I watched in awe as the aircrew guided the armored vehicles into the back of the aircraft and arranged them in alternating fashion to ensure their weight was balanced throughout the cargo hold. An army of about 15 people measured, double-checked, and finally chained the armored personnel carriers to the floor of the cargo hold. Each vehicle had eight chains on each side attaching it to the ramp via huge steel hooks.

It was a remarkable sight. I was not convinced the aircraft could take off with two armored personnel carriers the size of garbage trucks, 80+ people and about eight or nine huge military cargo boxes that were about ten feet in height stacked in rows at the back of the aircraft.

The C-17 is an amazing cargo aircraft that was designed for short takeoffs and landings as compared to normal cargo aircraft its size. I had flown on the C-17 from the US when we deployed several weeks earlier from the States. It wasn’t exactly comfortable, as the passenger seats in the cargo hold were sideways along the wall and were made of red netting that tended to make your legs numb after only a few hours sitting in them. The good thing was the cargo area was very spacious, with a high ceiling to allow helicopters, and other massive vehicles enough clearance for loading.

After the final inspections were complete, and the rear ramp closed, the loadmaster called for everyone to line up and begin entering the aircraft. The massive engines that hung like udders on a cow had been idling the entire time the aircraft was on the ground. Their huge turbo fans slowly turned inside the hulking metal outer bodies painted dark grey. The pervasive smell of jet fuel overwhelmed me as we took a long route with lots of clearance to avoid nearing the engine intakes on our way to the door. I was feeling a bit anxious as I slowly climbed into the metal beast that I had just watched the team fill to capacity with equipment and vehicles.

A bead of sweat laced with salt stung my eye as it slowly meandered down my forehead. I was out of breath from carrying my huge rucksack and an additional bag while trying to lug a 100lb Pelican case full of mission equipment up the stairs.

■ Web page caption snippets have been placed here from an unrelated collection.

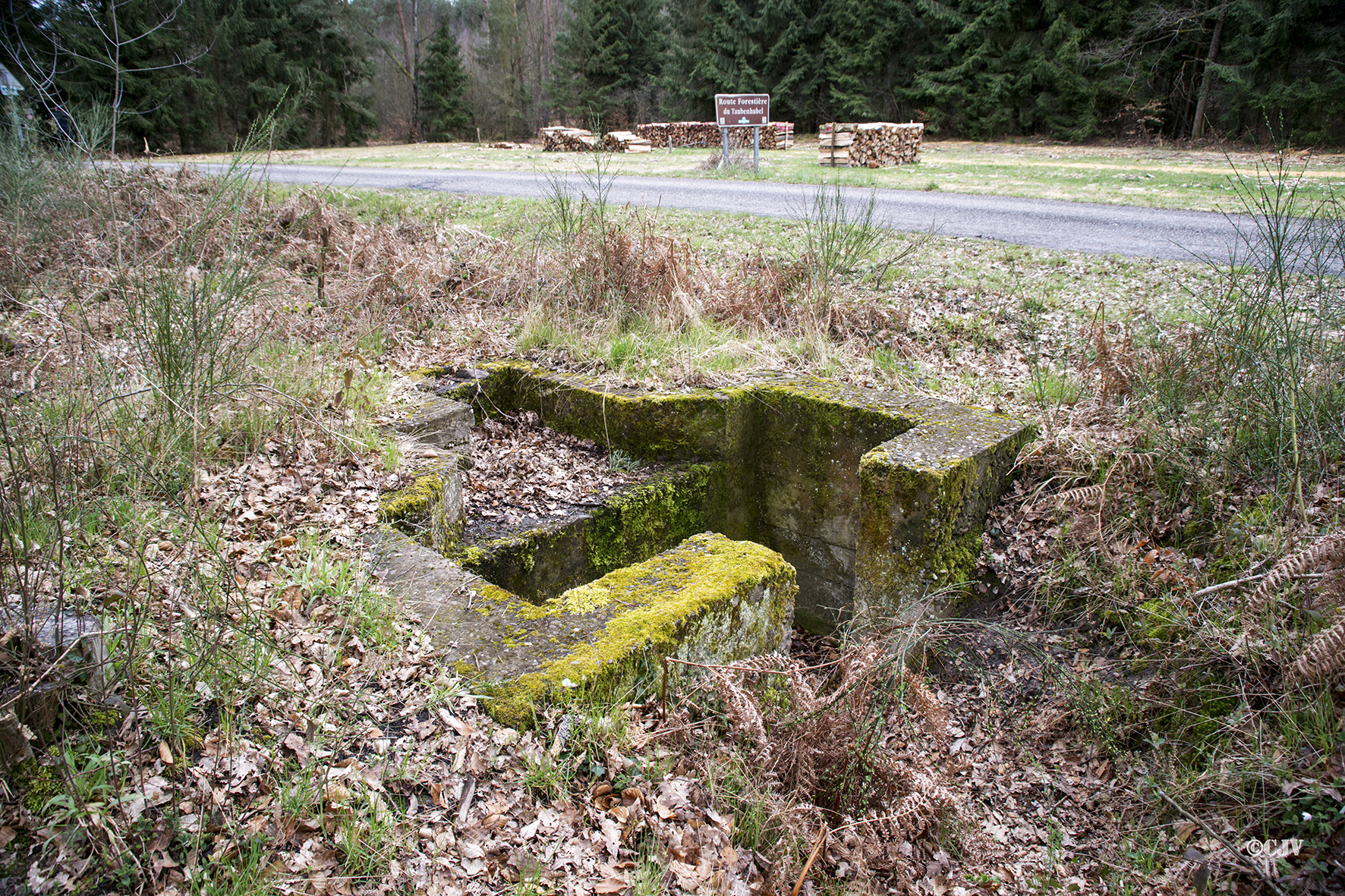 Ligne Maginot - CARREFOUR PARADE 2 - (Cuve pour arme d'infanterie) -  - Lia VERMEULEN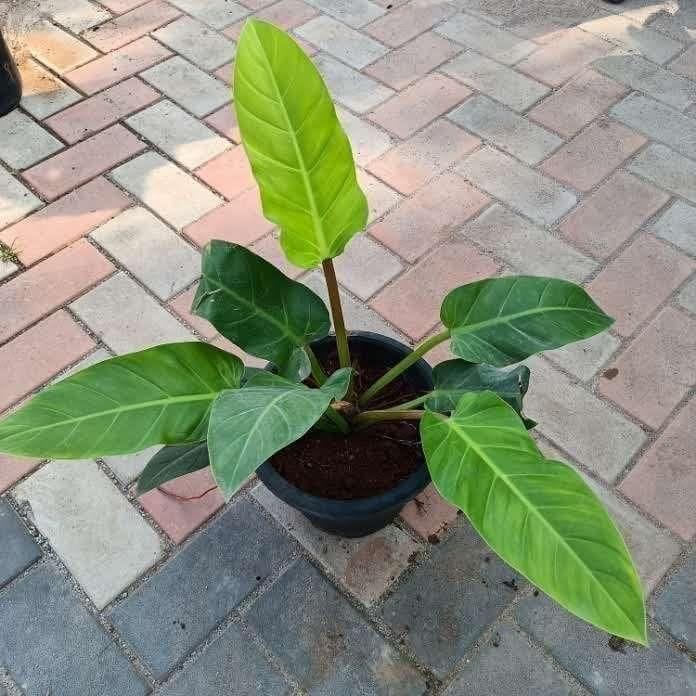 Philodendron Golden Large in 10 Inch Nursery Pot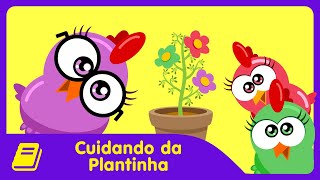 Galinha Pintadinha Mini  Historinha  Cuidando da Plantinha [upl. by Doi]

Once on the aircraft, I stowed my baggage and tied it securely to the floor with a cargo strap. I took a seat about half-way down the side of the aircraft and readied myself for what was about to take place.

The aircraft was well-lit and the air was somewhat cool inside as we all sat, looking at the faces of the other people accompanying us on this trip into Baghdad international airport. There had been reports of ground fire and firefights still taking place at the airport, so this wasn’t exactly going to be a fun, leisurely flight with cocktails at 30,000 feet.